There has been much talk recently of the potential use and impact of open data at LiSC including our attendance at an open data master class and a visit from Tony Hirst, a leading UK open data advocate, at a joint LiSC and LNCD meeting. This short(ish!) post gives a brief overview of these two events.
Open Data Master Classes
With large amounts of open data now being published at both the local and national government level on sites such as data.gov.uk and data.london.gov.uk there is huge scope for developers to create innovative ‘mashups’ that provide useful services for citizens. In order to make these open data sets usable and interactive normally has the prerequisite of sufficient development skills, thereby significantly raising the barrier for individuals with no development skills to successfully leverage open data sets in meaningful fashion. To help address this, the Horizon Research Institute has developed a series of Open Data Master Classes delivered by lecturers from academia, government and business.
Andy Garbett and I attended the class at Nottingham University and thoroughly enjoyed the presentations and opportunity to network. The class was themed around integrating maps with open data with presentations from Ordnance Survey and the Royal Geographical Society. A few key messages on open data from the presentations were ‘Discoverability’ and ‘Sense Making’ – is the open data easy to find and catalogued appropriately? Is it actually useful data being published? There was also mention of ‘Fear of Misunderstanding’ as a barrier to publishing open data with the perspective being negative inferences being made to the source of the data. We only have to look at the divisive press when UK crime data was released.
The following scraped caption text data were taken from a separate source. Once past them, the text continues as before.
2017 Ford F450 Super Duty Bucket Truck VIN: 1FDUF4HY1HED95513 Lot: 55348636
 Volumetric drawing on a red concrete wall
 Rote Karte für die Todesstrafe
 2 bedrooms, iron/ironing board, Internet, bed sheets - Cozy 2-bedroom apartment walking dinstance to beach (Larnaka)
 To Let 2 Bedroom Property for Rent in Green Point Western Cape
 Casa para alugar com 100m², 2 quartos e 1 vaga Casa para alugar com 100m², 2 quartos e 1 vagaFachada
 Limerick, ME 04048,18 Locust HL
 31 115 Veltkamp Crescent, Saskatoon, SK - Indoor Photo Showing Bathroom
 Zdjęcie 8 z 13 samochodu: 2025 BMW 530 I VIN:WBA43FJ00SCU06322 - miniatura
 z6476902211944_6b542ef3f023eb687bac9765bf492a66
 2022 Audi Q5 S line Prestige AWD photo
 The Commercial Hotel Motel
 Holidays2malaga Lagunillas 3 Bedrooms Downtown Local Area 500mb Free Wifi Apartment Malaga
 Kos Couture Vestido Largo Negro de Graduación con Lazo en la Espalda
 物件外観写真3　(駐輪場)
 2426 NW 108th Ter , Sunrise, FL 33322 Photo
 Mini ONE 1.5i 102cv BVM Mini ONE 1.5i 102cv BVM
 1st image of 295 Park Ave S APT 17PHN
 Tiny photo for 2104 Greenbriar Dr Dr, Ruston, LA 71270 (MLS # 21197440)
Overall we found the class to be engaging with great speakers delivering a range of perspectives from the technical to the ethical. Andy and I made some rough collaborative notes during the class which you can view here. You can also download the master class handbook from here and if you are keen to participate you can catch the last master class at the University of Reading on July 21st.
In keeping with tradition and Nottingham’s sterling reputation for first class breweries, we stopped off for a few ales before heading home where I sampled the excellent Nottingham Rock Bitter1. Being of slight disposition, Andy could only manage a half pint in haste.
LiSC and LNCD Meeting
LiSC had a joint meeting with the new LNCD group with a wall to wall turn out including staff from Journalism and ICT interested in open data. We had guest speaker Tony Hirst from the OU telling us all about his open data interests which are primarily focussed on HE generated data with other interests in visualising social networks. Tony is passionate about moving open data and research out of academic/government silos for public engagement in wider culture and society. However he believes that the public needs a greater understanding of statistics in order to make an informed decision on representations and sense making of open data. Tony also spoke of the interesting term ‘Data Burdens’ which relate to single data lists produced by government to help prevent duplication and collection of open data sets. This is a good indicator that open data collection and publication is being taken seriously by the government and in turn helping drive transparency. We are relatively new to open data at LiSC and having Tony at the table for Q & A was very informative, thanks Tony!